Given B.C.’s proximity to key trading partners – such as California, Japan and South Korea – our province is well positioned to leverage our natural resources to serve a significant portion of the global hydrogen market.
Canada and the U.S. are partners in our global fight against climate change, but it’s also a race between the two countries. Canada’s former Innovation, Science and Industry Minister Navdeep Bains recently wrote an op-ed in the Financial Post titled “Keeping up with the Bidens – Canada needs to step up its climate change game.”
I agree with him that Canada needs to find a way to respond to the U.S. Inflation Reduction Act, which includes powerful financial support for alternative energy, including hydrogen development. President Biden’s Infrastructure Investment and Jobs Act also includes US$9.5 billion in funding for regional clean hydrogen hubs, a clean hydrogen electrolysis program and clean hydrogen manufacturing recycling programs.
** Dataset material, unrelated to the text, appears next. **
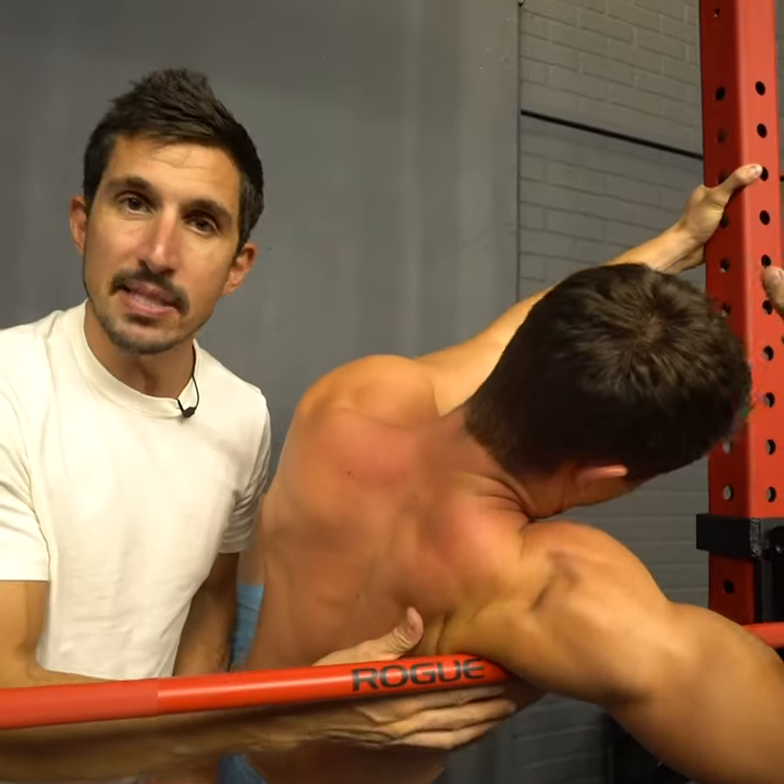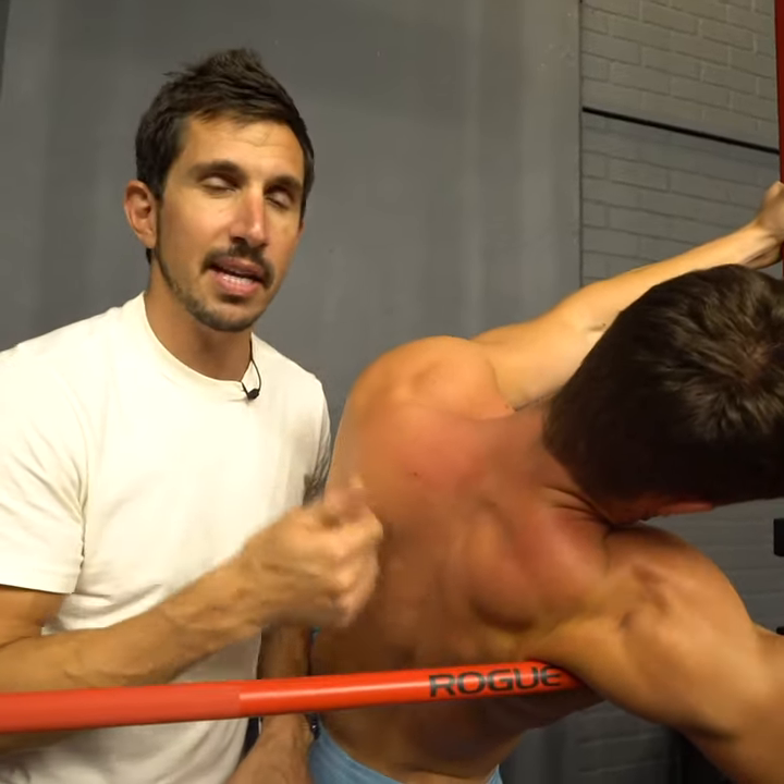Guys, this muscle is big - you can't really miss it, okay? Stevie Wonder can find this - well, actually he can feel just fine, I'm sure.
British Columbia has taken the lead with our existing set of policies and programs that are enabling our hydrogen and fuel cell sector to thrive, but we need more support and regulatory certainty from our federal partner to attract even more investment to Canada. I look forward to working with our federal partners to develop a considered and strategic response to make hydrogen a key alternative clean energy source that powers our future.
Bruce Ralston is B.C.'s minister of energy, mines and low carbon innovation.